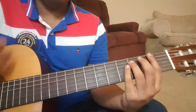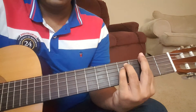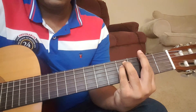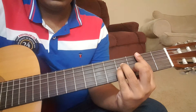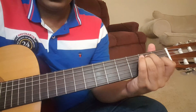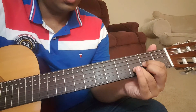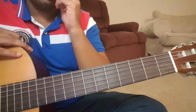Now let me jump into the chords. The chords used in the song are F sharp minor, then B minor, C sharp major, E major, D major, and A major. So these are the chords that are used in the song.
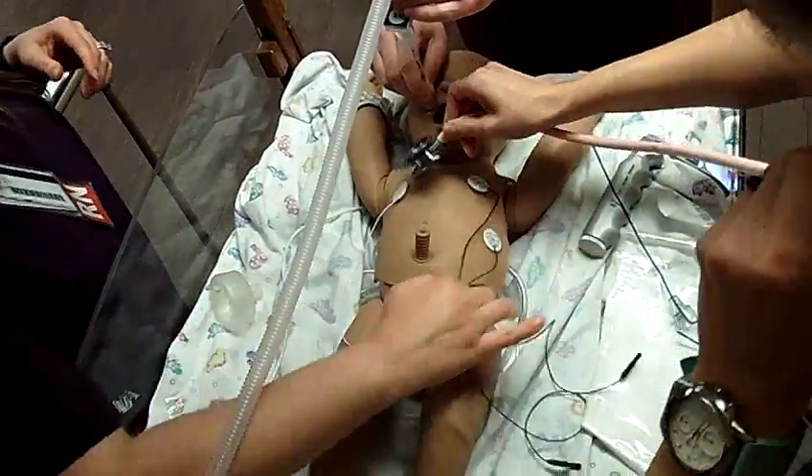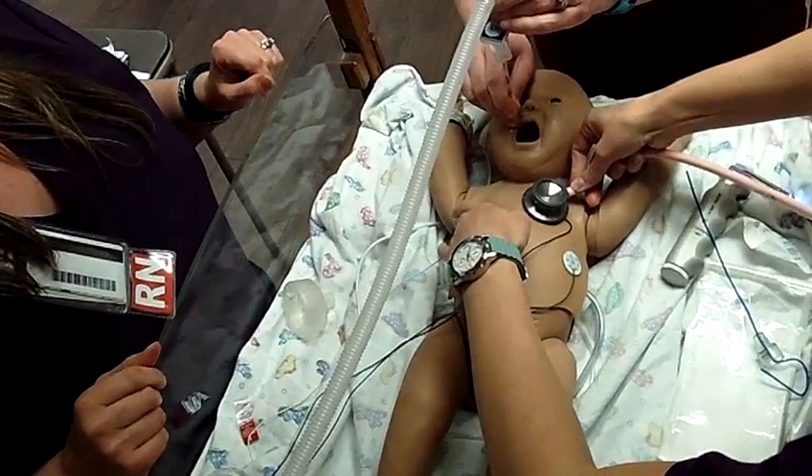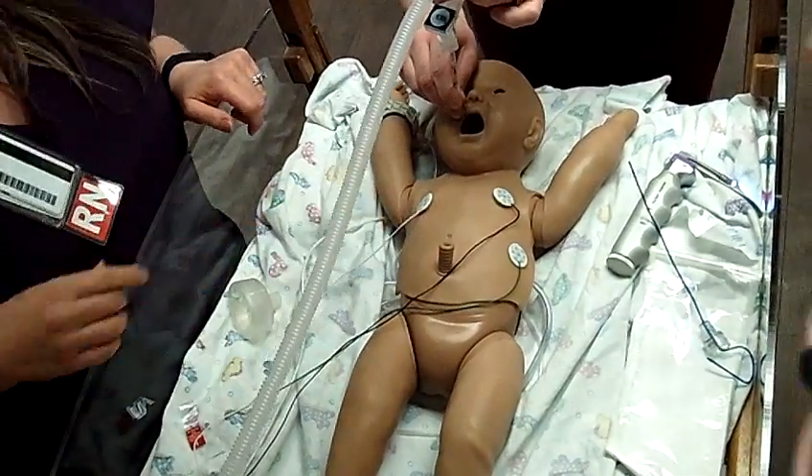Okay, let's listen. Breathe, two, three. Breathe, two, three. Breathe, two, three. We have breath sounds on both sides. CO2 is turning yellow. Equal chest rise.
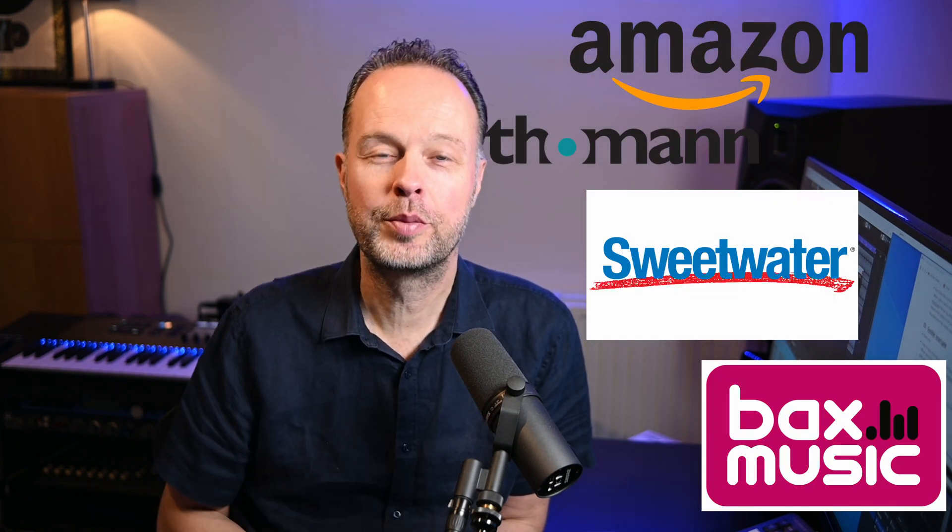But before I do that, if you like this video or find it useful, please give it a thumbs up for the YouTube algorithm, subscribe to the channel, and ring the little bell icon if you want to know when I publish another video. If you're really grateful, you can use the super thanks button below, or buy anything through the affiliate links to these stores which you can find in the description as well. Highly appreciated.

Task: Nothing but the lines from the line containing "Okay, let's listen." through the last line of the listing above should appear, output exactly, with no pictures.

Answer for the task:
Okay, let's listen. Breathe, two, three. Breathe, two, three. Breathe, two, three. We have breath sounds on both sides. CO2 is turning yellow. Equal chest rise.
But before I do that, if you like this video or find it useful, please give it a thumbs up for the YouTube algorithm, subscribe to the channel, and ring the little bell icon if you want to know when I publish another video. If you're really grateful, you can use the super thanks button below, or buy anything through the affiliate links to these stores which you can find in the description as well. Highly appreciated.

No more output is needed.